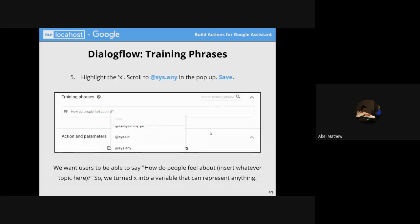Since we want to trigger something from the response, we are going to use variables. We use the type 'sys.any' for the variable — 'any' is used because the type of the variable can be anything: a string, URL, number, or something else. Since we don't care what type of data it is, we give it the 'any' data type.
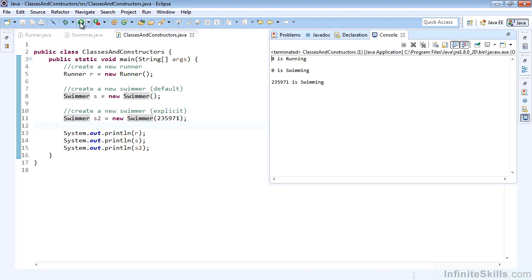Here we see 0 is running, 0 is swimming, 235971 is swimming. That's exactly what we expect, since the default integer is 0, and we never set the integer for the runner or the swimmer in the R and S variables. So they'll just show their raceID being 0. And the one that we passed in, 235971, is swimming as expected.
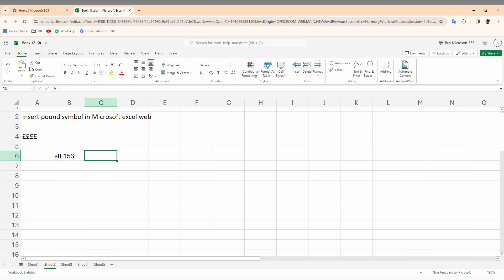Click on the cell, press the Alt key plus 156, and release. Alt+156 and release. This is how you create the pound currency symbol on your Microsoft Excel web.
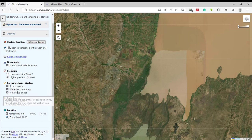There are layers that the data consists of: the river or stream layer, watershed boundary, and watershed outlet. If you need all three data layers you can check all of them, or if you only need the boundary you can uncheck the river and the watershed outlet.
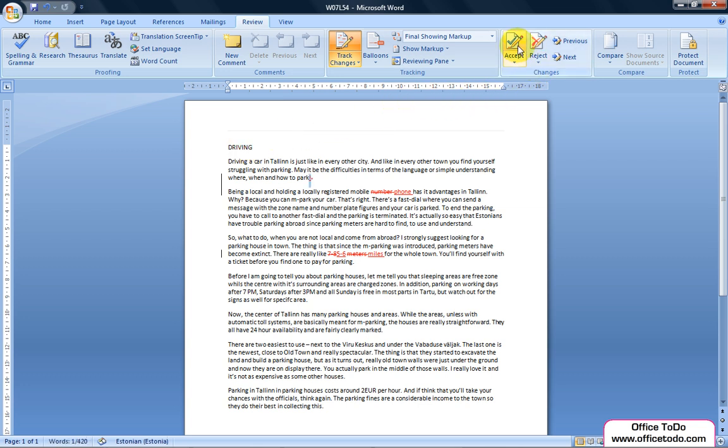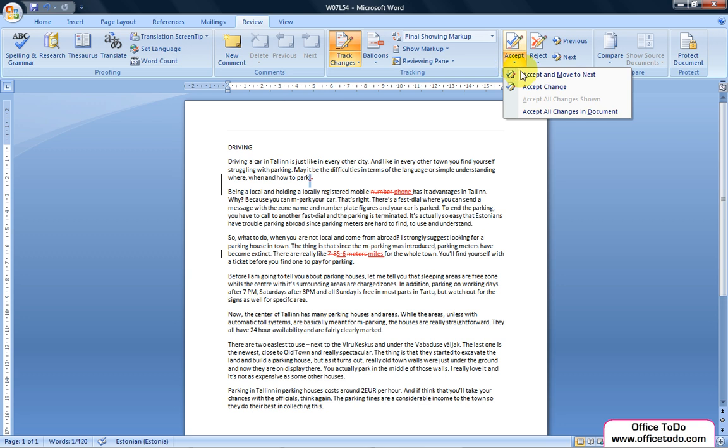This will accept the change and move to the next change in the document. In case you do not wish to move to another change, press on the down-facing arrow and choose Accept Change.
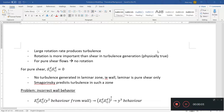Hello and welcome back. Today we're going to continue the turbulence modeling video series, and we want to continue the discussion about the WALE model — the wall-adapting local eddy-viscosity model.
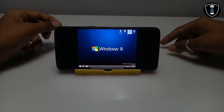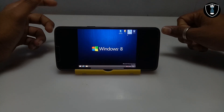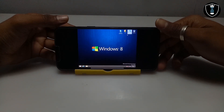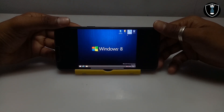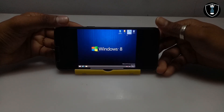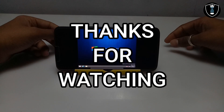Subscribe to my channel for more upcoming videos. That's it for this video. Thanks for watching. Please subscribe, like, and share this video. If you have any questions or problems, let me know in the comments. Thank you, bye.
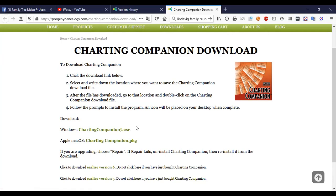If you're still running version 6, that hasn't been updated in two and a half years and likely has the latest version 6 already. Version 6 does have the DNA matrix but not the simulator — you do have to upgrade to version 7 for that.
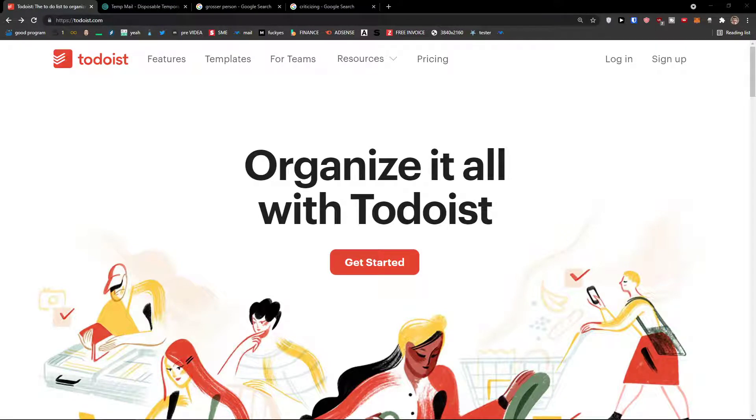In this video I'm going to guide you how you can easily use Todoist for project management and also as a productivity tool.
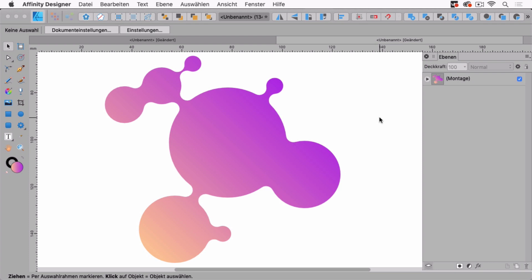Hello and welcome to the VectorGarden YouTube channel. I'm Monika and in this video I'm going to show you how to create these metaballs in Affinity Designer and in Adobe Illustrator.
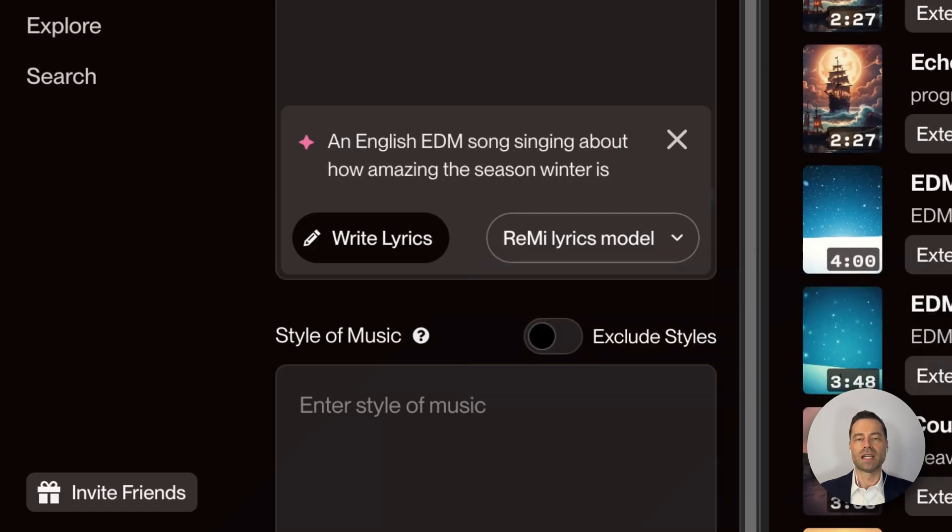Once you've provided some direction and you've selected the lyric model, all you have to do is click on write lyrics.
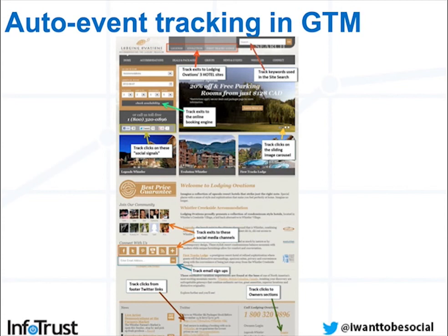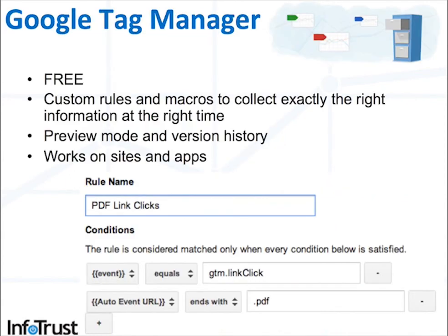The new way released is auto event tracking and Google Tag Manager. Here's an example — you have a bunch of elements on your page that you want to track because they do not reload the page. Beforehand, you would have to implement the code directly on the source of your site to track all this. But now with Google Tag Manager, it's all done on the interface, so no code changes are required.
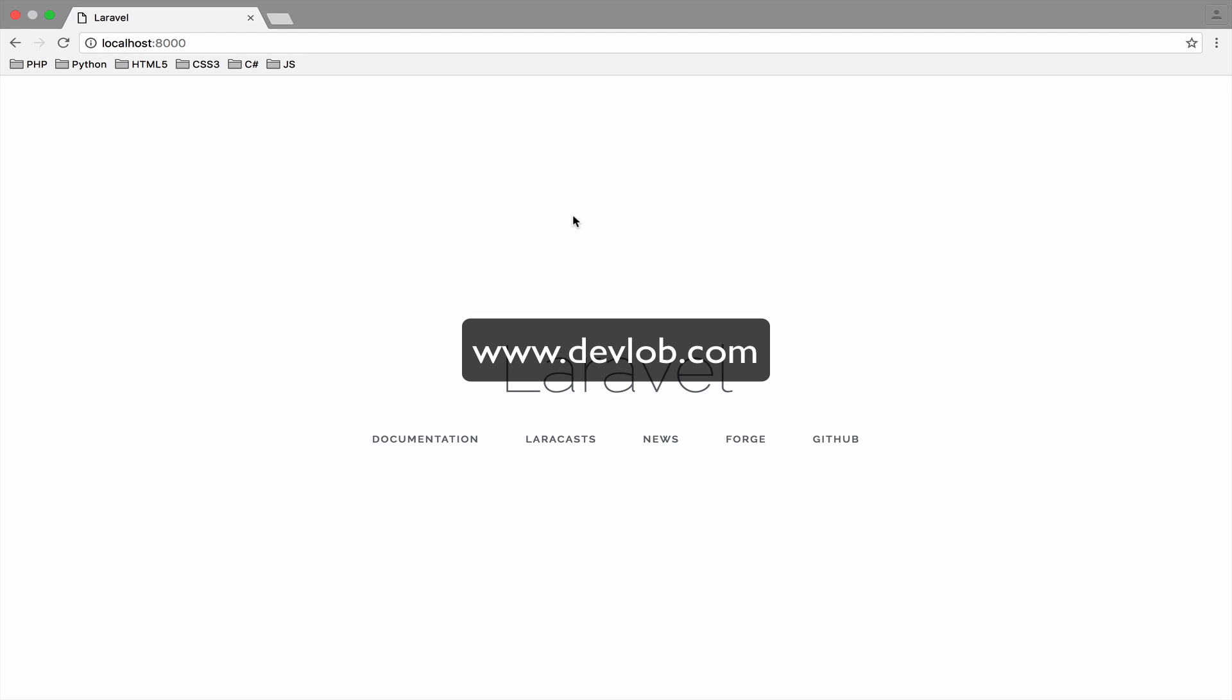In the previous video we installed everything necessary to install a Laravel 5.3 application. The result? Well, the welcome page that you see right now. But how is that page loaded? Where is the logic? Where is the code? We will answer all these questions and more in this video.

***

▶ TASK ITEM
Having found the line with "This will accept" and the line with "Once you've provided" in the material above, write out exactly those two and every line between, leaving the pictures out.

▶ SOLUTION TO THE PROBLEM
This will accept the change and move to the next change in the document. In case you do not wish to move to another change, press on the down-facing arrow and choose Accept Change.
Hello and welcome back. Today we're going to continue the turbulence modeling video series, and we want to continue the discussion about the WALE model — the wall-adapting local eddy-viscosity model.
Subscribe to my channel for more upcoming videos. That's it for this video. Thanks for watching. Please subscribe, like, and share this video. If you have any questions or problems, let me know in the comments. Thank you, bye.
If you're still running version 6, that hasn't been updated in two and a half years and likely has the latest version 6 already. Version 6 does have the DNA matrix but not the simulator — you do have to upgrade to version 7 for that.
In this video I'm going to guide you how you can easily use Todoist for project management and also as a productivity tool.
Hello and welcome to the VectorGarden YouTube channel. I'm Monika and in this video I'm going to show you how to create these metaballs in Affinity Designer and in Adobe Illustrator.
Once you've provided some direction and you've selected the lyric model, all you have to do is click on write lyrics.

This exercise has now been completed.